Fighting the Client Spaghetti Monster with Rust Traits

tl;dr: In Rust, “trait composition” are a neat way to keep code, where a lot of components come together and need to be piped up, clean and avoid spaghettification.

Introduction

A major part of my almost two decade long career in programming has been spent working on “SDKs” in Rust. By which I mean building and maintaining complex systems as libraries used by other developers to implement applications on top of. I did this back at Immmer (now defunct), for Parity with Substrate Core/Client as well as its inner on-chain application SDK to the matrix-rust-sdk and last but not least at Acter for the Acter App and then the Zoe (relay) system.

For a while, but especially during latest iteration, I have been wondering about that highest layer architecture. How to design that client, where all these subcomponents are piped together. How to design it in a way that stays flexible for yourself as well as others, yet robust and ideally testable. How to avoid spaghettification of the client, even if the underlying components are complex trait-based systems themselves.

As we have to cover a lot of surface area itself, I will not be discussing trait themselves too much – check the corresponding chapter in the excellent Rust book, if you are looking for that – but assume you have an understanding of traits, trait bounds and have implemented them in Rust. I will throw around some almost-real code and examples without asking and expect the reader to be able to parse and understand them without much help. As I want to focus on the higher level “how do we use this”-architecture perspective.

Traits in SDKs

As with any big task, the best way to tackle it is by splitting them into smaller, manageable tasks and implement these one by one. The same is true for building up large SDKs. Often times they contain various components, like a storage layer; network or communication components; some internal state machine for the actual domain specific logic; and maybe some developer-front facing API or even UI components. To make implementing more manageable, it is common place to split them up into the separate independent components, sometimes even as separate crates, and provide an outer interface.

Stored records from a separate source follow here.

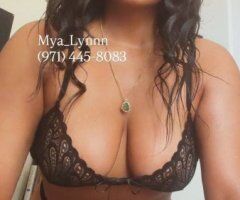 Eugene escorts - First-time VIP visit in Eugene—kinky GFE pleasure playmate (short visit - 29)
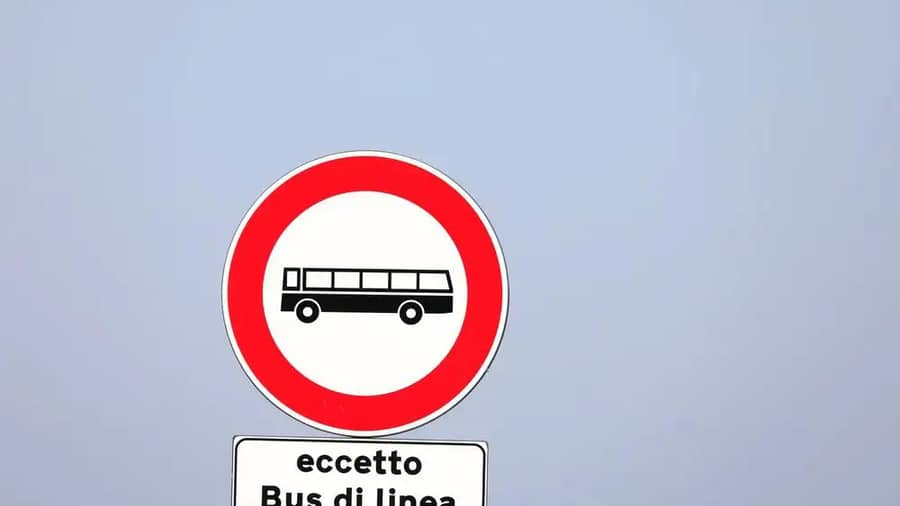 Getting Around in Florence – Buses, Trams and Tickets Made Simple
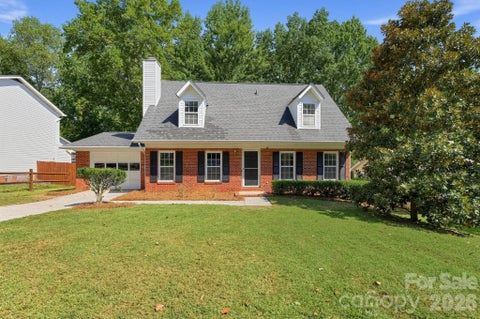 Photo of 6240 Round Hill Road, Charlotte, NC 28211 (MLS # 4426018)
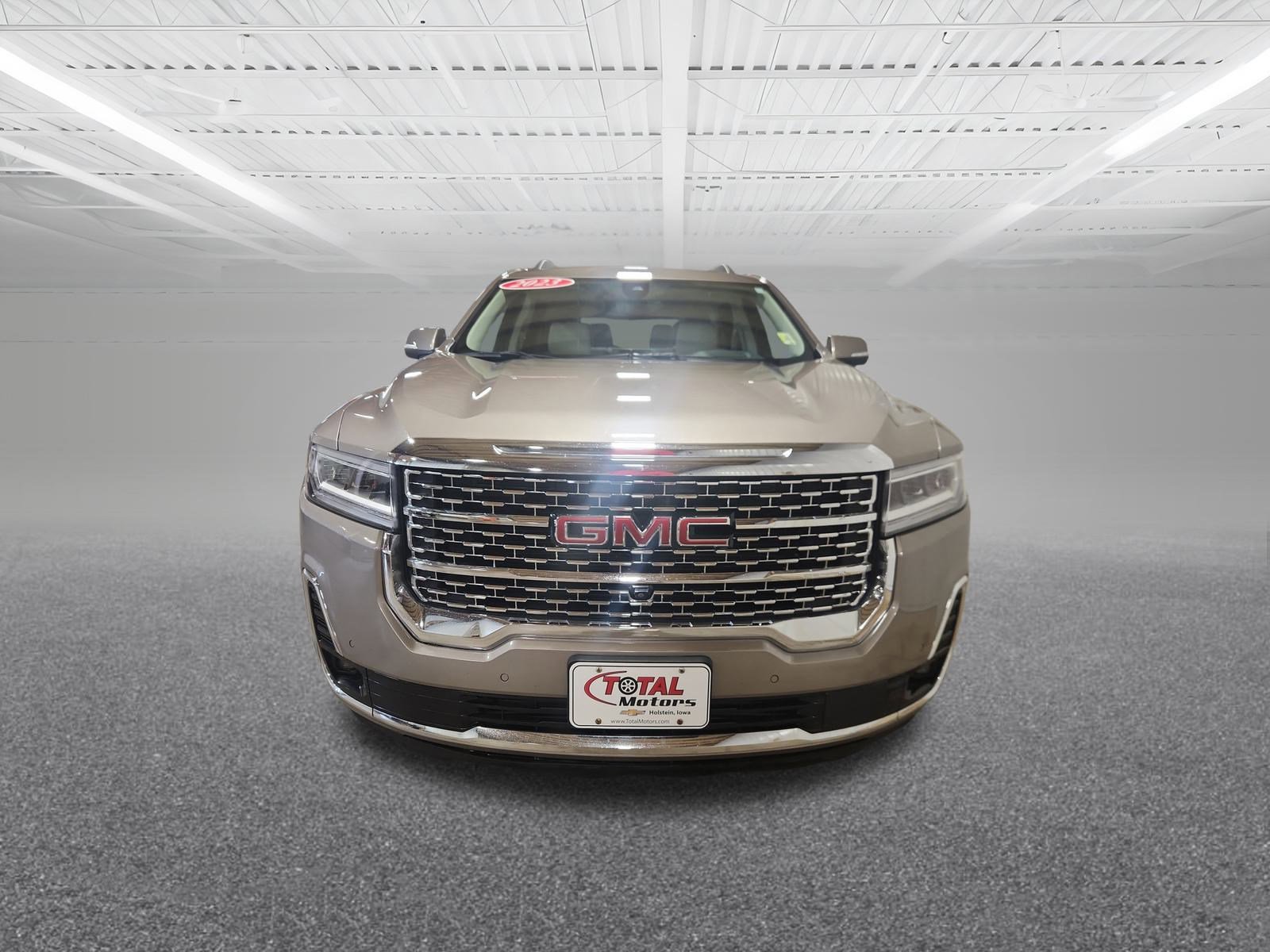 2023 Gmc Acadia Denali photo 3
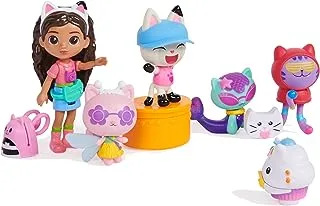 Gabby's Dollhouse, Travel Themed Figure Set with a Gabby Doll, 5 Cat Toy Figures, Surprise Toys & Dollhouse Accessories, Kids Toys for Girls & Boys 3+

In the SDK world you often find that these components internally need to be plugable themselves though. Like a storage component might be implemented with an embedded SQLite for mobile Apps, with some SQL-backend-service or NoSQL-Database on the Server and with IndexDB in the Browser (with Wasm). Generally, the outer composed system doesn’t really have to care which of these is being used and thus it can be up to that component to define that. A common way to provide this abstraction is by defining a trait for that lowest layer and have these various specific parts implement them. Then the higher layer and also the layers on top can focus on their specific side of things.

This also nicely allows for these implementations that come with their own implementations to be only pulled. Or only compile for the targets that actually use them, as well as introduce new implementations via feature-flags gradually into production. It’s a pretty neat way of organizing the code. In the Matrix SDK we have that layer for implementing storage for example, and though not strictly because of the trait, the SDK even provides a macro to generate the entire test suite against your custom implementation that you can use.

To the mock

Having these traits brings in another nice benefit: Mocking. As the higher level components might have their own logic (like caching or ordering or something) testing often requires to set up the lower level component(s) as well. If instead, you defined that interface in a trait, you can implement various Mock-types to test a range of scenarios for your functions and focus on this specific logic. What sounds tedious at first becomes a breeze with the help of crates like mockall. It’s a lot easier and often faster than setting up that lower level layer just to test that the component pulls the objects from the store and returns them sorted regardless of the underlying order.

Middleware-ing

Similarly, by having the traits define the interfaces, you can add functionally nicely in a middleware-kinda fashion similar to what is done many web servers. Think of a caching layer on top of the database as an example. That caching layer can wrap anything implementing the trait while also implementing the trait itself. That way you can implement a LRU cache or something, regardless of the underlying storage types. As the interface is just the same trait again, you can mock the lower layer, ensuring a good test coverage on exactly what this layer does. Further you can just plug this “middleware” into the higher level layer without any further changes. This is how we implemented a storage layer for the Rust SDK that splits off media storage (before that was added to the SDK itself) and keeps them at different path (in the mobile’s “cache” directory), for example while passing along everything else to whatever inner database system was being used otherwise (e.g., SQLite).

But specific, sometimes

Now, for the traits you only want to expose the common interface of course. But specific implementation sometimes still have APIs to fine tune or configure certain things - like the path for the sqlite database. You don’t want to put these on the traits as they are implementation specific and pointless for other implementations. But as traits are implemented on specific types, your concrete types can still add these helper functions and as the higher level API / SDK you often just use feature-flags to then expose them or not.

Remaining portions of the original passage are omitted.